### Source records
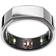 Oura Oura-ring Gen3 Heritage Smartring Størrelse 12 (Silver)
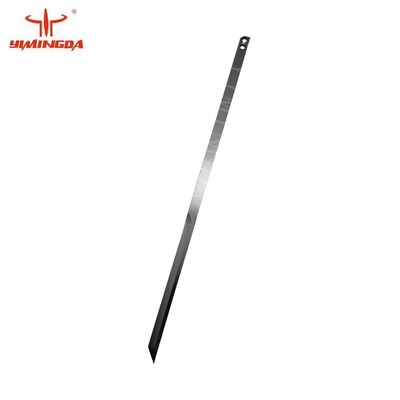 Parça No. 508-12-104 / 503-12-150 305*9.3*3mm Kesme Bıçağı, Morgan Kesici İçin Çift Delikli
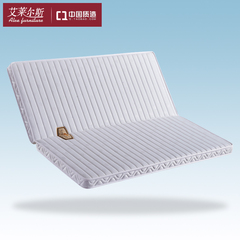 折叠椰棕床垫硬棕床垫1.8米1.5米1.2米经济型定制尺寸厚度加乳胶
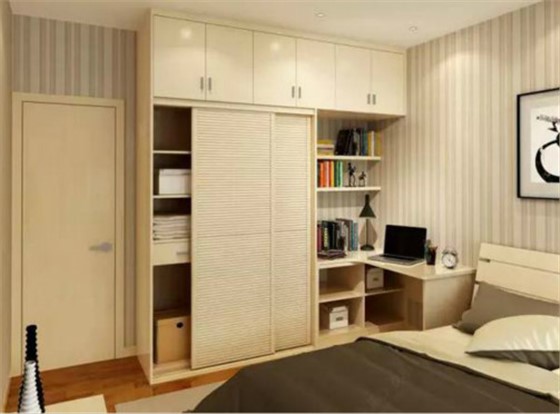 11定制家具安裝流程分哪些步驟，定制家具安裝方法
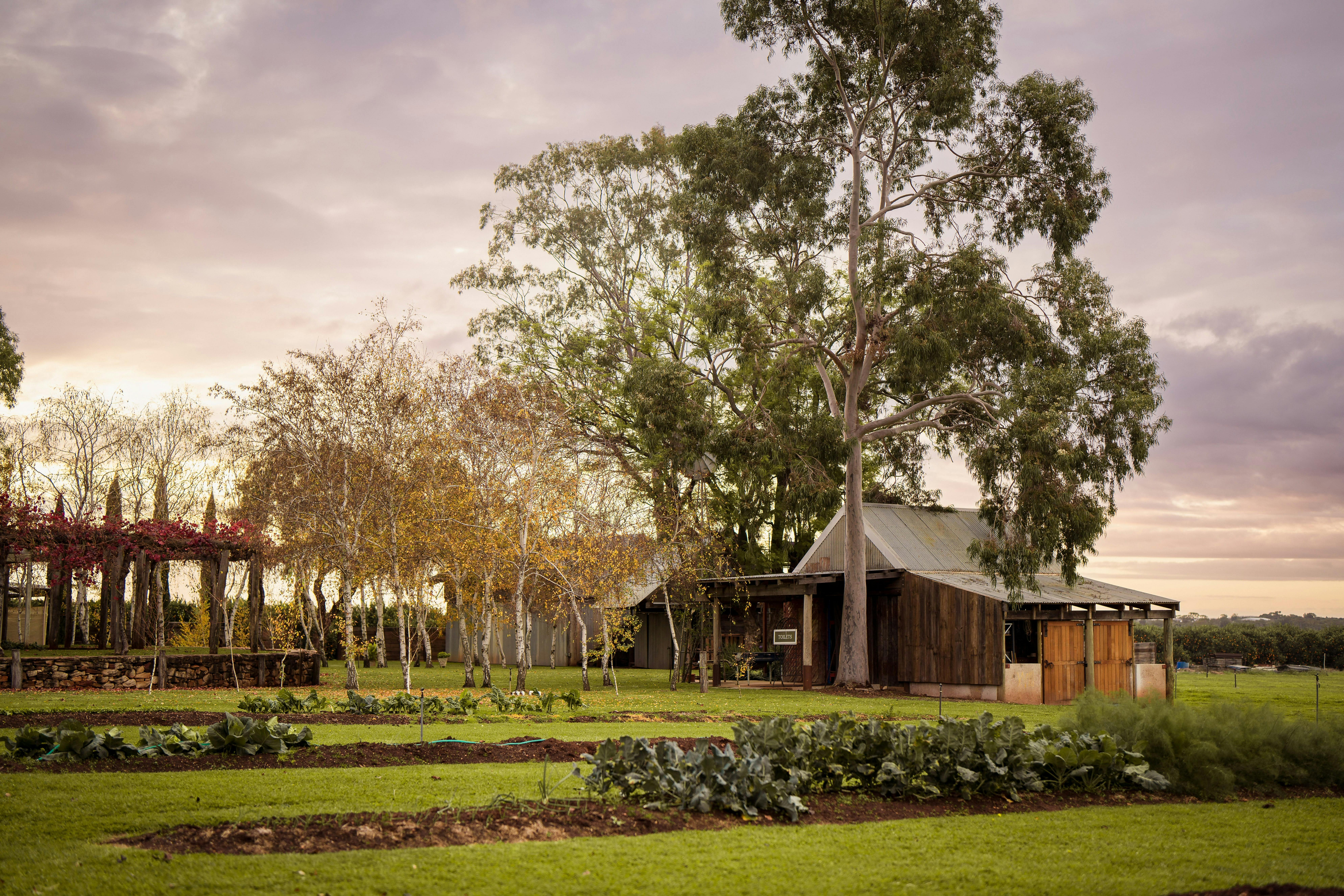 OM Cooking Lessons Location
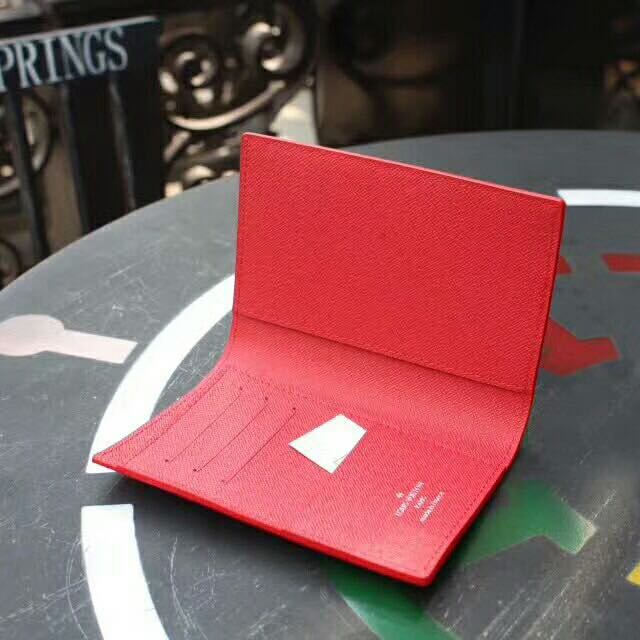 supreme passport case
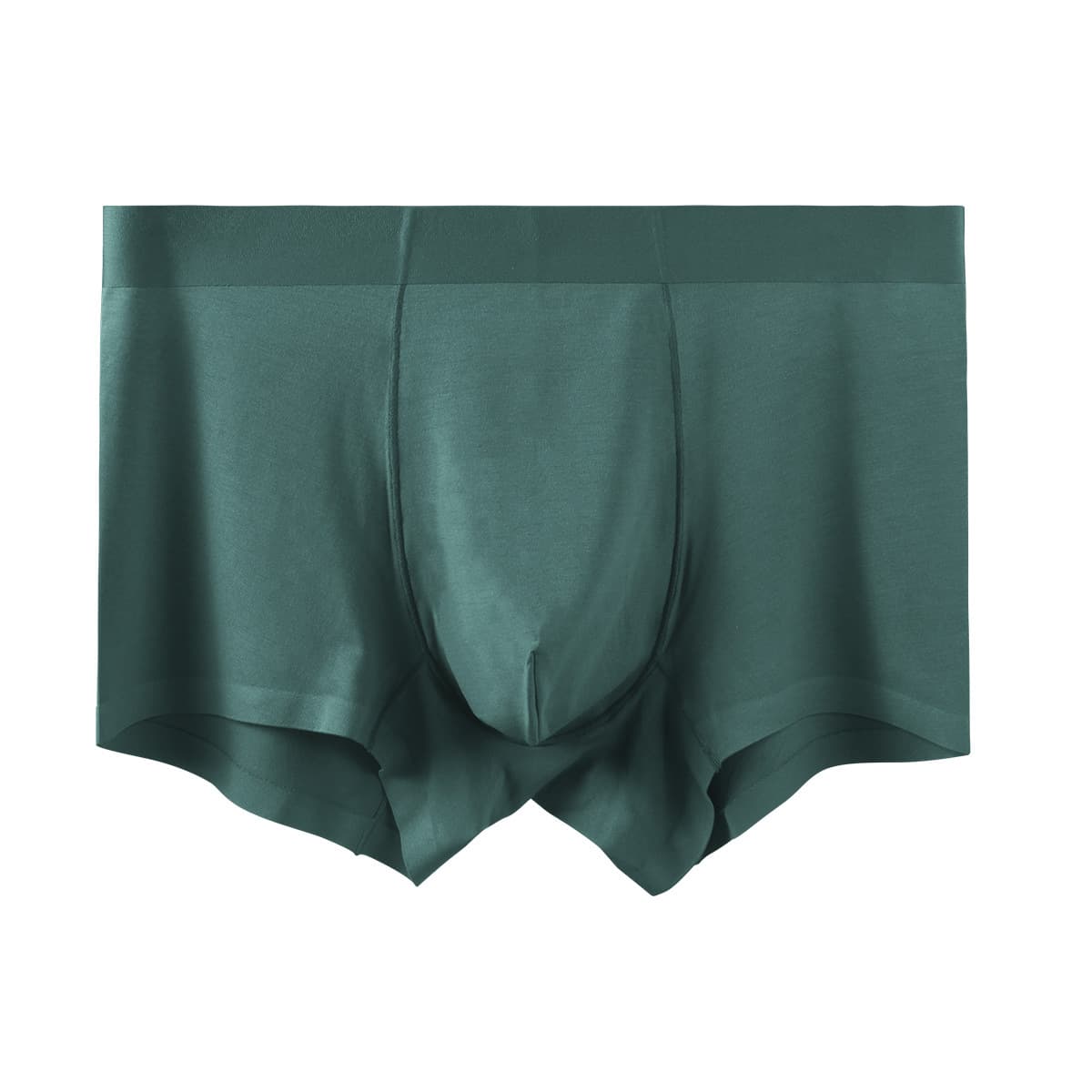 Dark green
==
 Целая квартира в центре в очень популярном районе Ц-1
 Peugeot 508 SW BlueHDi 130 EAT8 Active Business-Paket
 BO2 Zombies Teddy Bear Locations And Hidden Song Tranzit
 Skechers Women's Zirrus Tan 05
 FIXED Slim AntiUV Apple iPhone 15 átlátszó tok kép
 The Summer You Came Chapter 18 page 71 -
==
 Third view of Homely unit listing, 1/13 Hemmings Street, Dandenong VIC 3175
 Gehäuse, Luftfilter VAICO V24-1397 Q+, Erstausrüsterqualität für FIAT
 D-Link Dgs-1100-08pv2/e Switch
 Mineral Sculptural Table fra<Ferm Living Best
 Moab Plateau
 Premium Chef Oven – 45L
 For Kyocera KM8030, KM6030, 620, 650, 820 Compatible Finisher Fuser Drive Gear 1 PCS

### Work required
Of all the entries above, output exactly the lines between the one holding "Moab Plateau" and the one holding "For Kyocera KM8030, KM6030, 620, 650, 820", inclusive.

### Solved exercise
 Moab Plateau
 Premium Chef Oven – 45L
 For Kyocera KM8030, KM6030, 620, 650, 820 Compatible Finisher Fuser Drive Gear 1 PCS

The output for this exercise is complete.